**HOW TO COMPLETE THIS TASK:** Every line of the data below must be output exactly, with images left out.

**INFORMATION PROVIDED:**

■ ■ ■ ■ ■

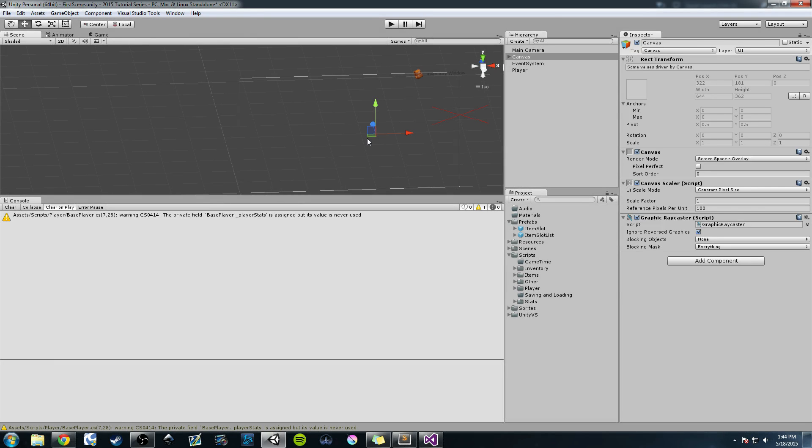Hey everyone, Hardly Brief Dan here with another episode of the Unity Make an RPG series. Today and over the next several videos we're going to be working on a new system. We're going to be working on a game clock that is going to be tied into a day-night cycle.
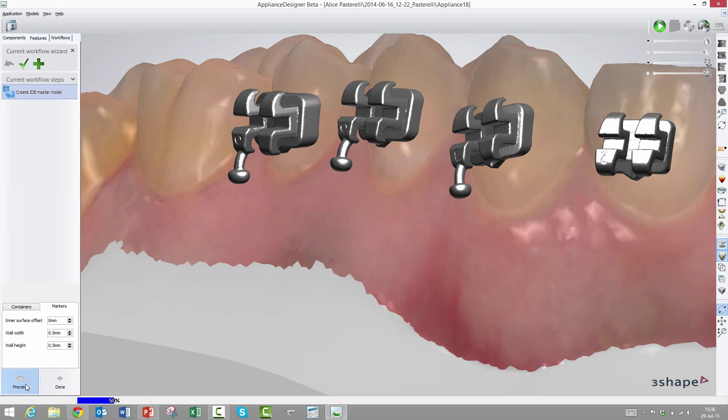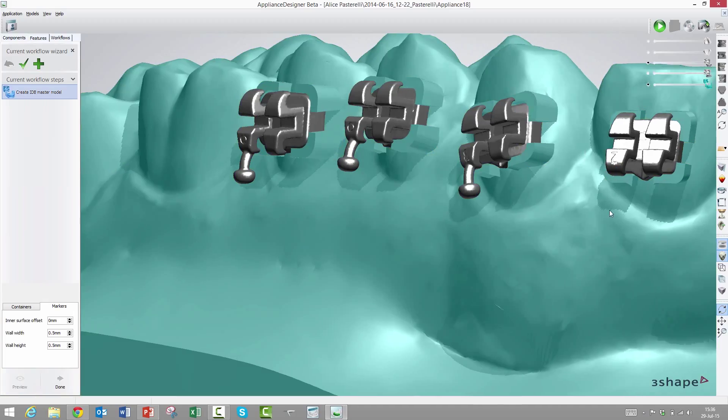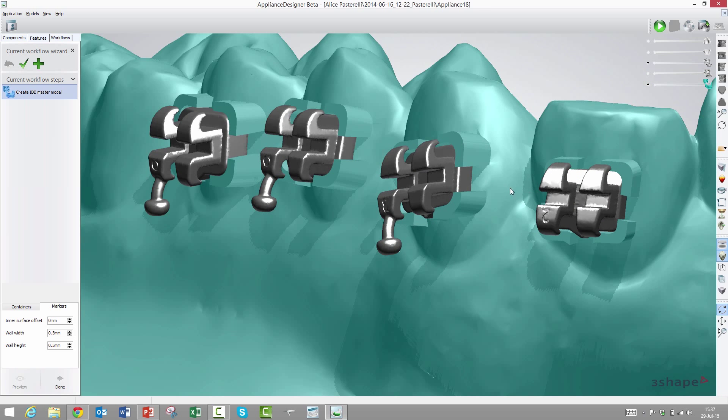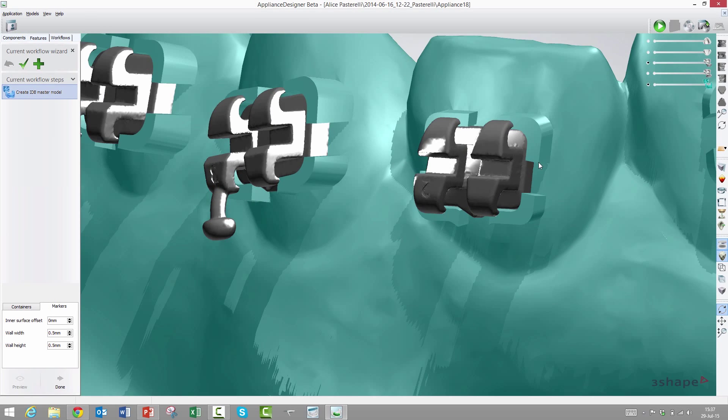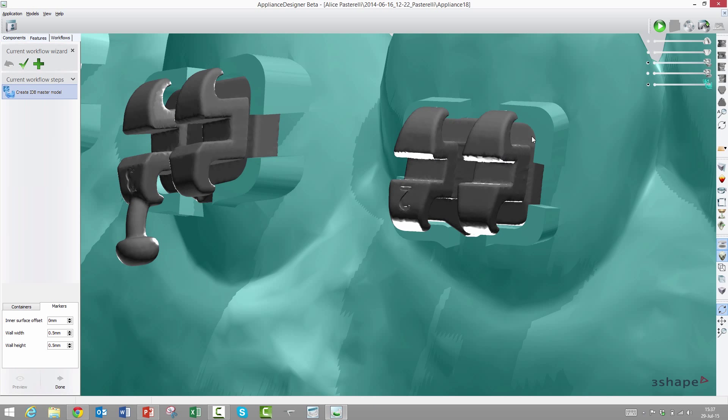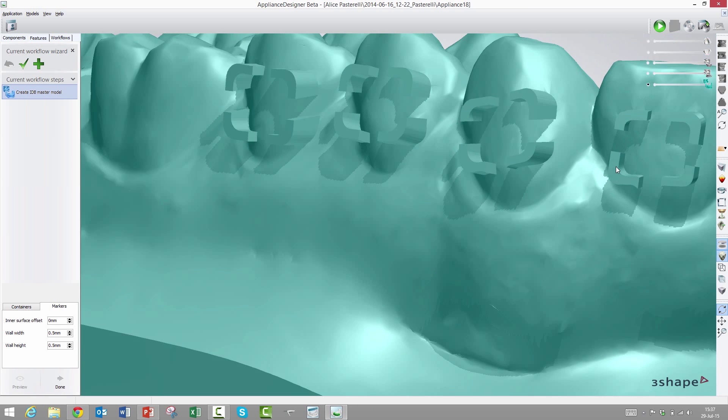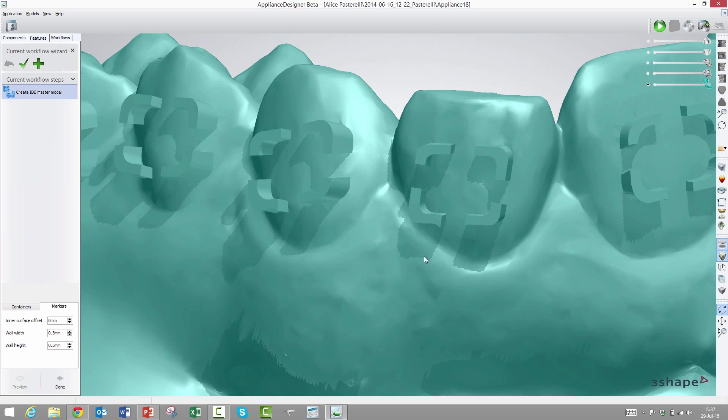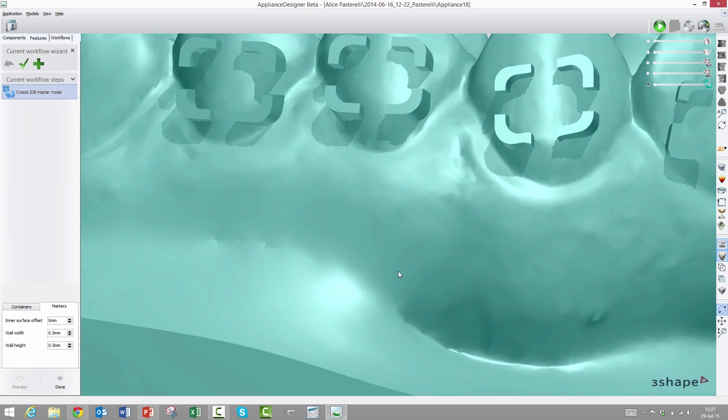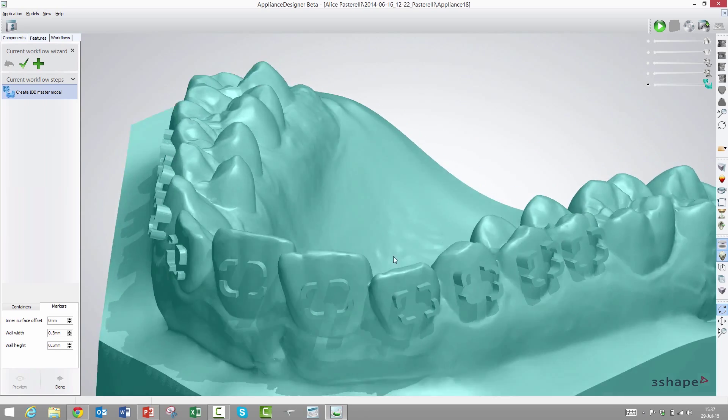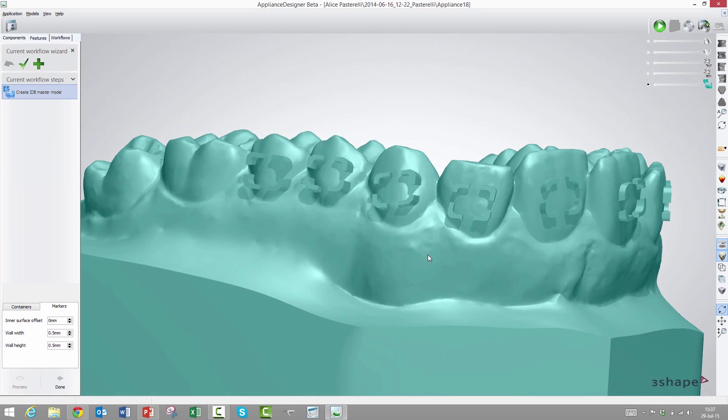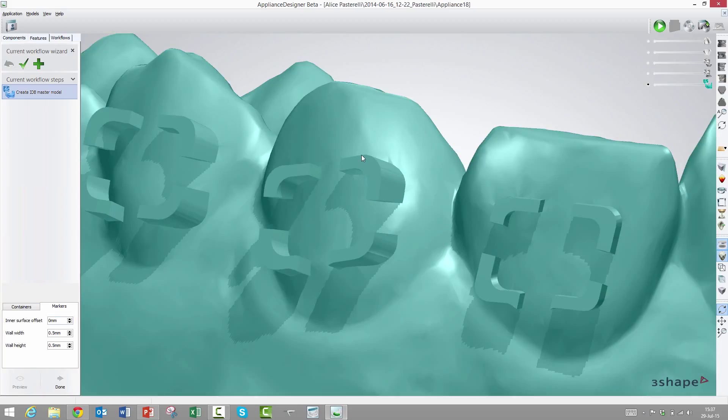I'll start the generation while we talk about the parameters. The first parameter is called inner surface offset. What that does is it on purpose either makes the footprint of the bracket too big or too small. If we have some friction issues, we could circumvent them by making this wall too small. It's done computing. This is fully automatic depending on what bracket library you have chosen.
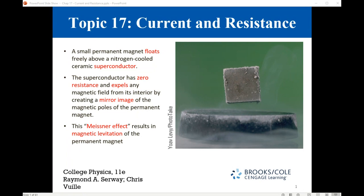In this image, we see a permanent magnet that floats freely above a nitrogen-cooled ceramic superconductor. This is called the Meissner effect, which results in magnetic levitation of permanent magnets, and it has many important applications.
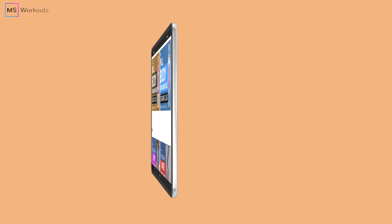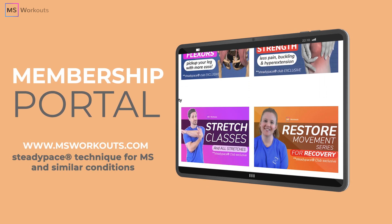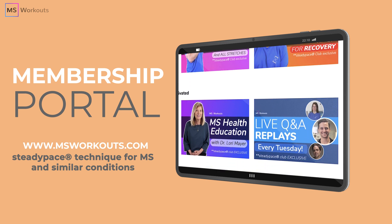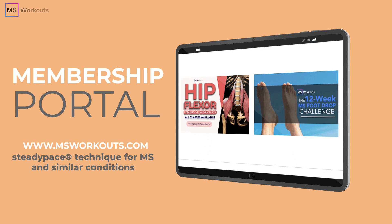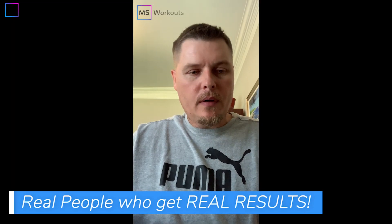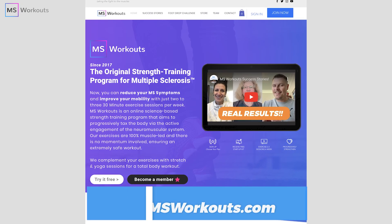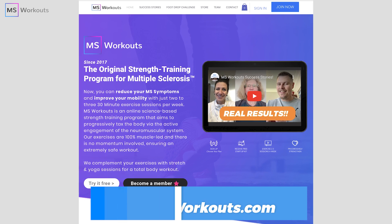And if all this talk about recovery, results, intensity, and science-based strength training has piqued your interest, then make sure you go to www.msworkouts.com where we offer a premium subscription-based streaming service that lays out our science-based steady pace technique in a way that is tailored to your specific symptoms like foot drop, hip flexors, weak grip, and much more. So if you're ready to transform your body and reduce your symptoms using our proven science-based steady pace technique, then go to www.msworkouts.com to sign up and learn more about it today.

■ ■ ■ ■ ■

**SOLUTION TO THIS PROBLEM:**
Hey everyone, Hardly Brief Dan here with another episode of the Unity Make an RPG series. Today and over the next several videos we're going to be working on a new system. We're going to be working on a game clock that is going to be tied into a day-night cycle.
I'll start the generation while we talk about the parameters. The first parameter is called inner surface offset. What that does is it on purpose either makes the footprint of the bracket too big or too small. If we have some friction issues, we could circumvent them by making this wall too small. It's done computing. This is fully automatic depending on what bracket library you have chosen.
In this image, we see a permanent magnet that floats freely above a nitrogen-cooled ceramic superconductor. This is called the Meissner effect, which results in magnetic levitation of permanent magnets, and it has many important applications.
And if all this talk about recovery, results, intensity, and science-based strength training has piqued your interest, then make sure you go to www.msworkouts.com where we offer a premium subscription-based streaming service that lays out our science-based steady pace technique in a way that is tailored to your specific symptoms like foot drop, hip flexors, weak grip, and much more. So if you're ready to transform your body and reduce your symptoms using our proven science-based steady pace technique, then go to www.msworkouts.com to sign up and learn more about it today.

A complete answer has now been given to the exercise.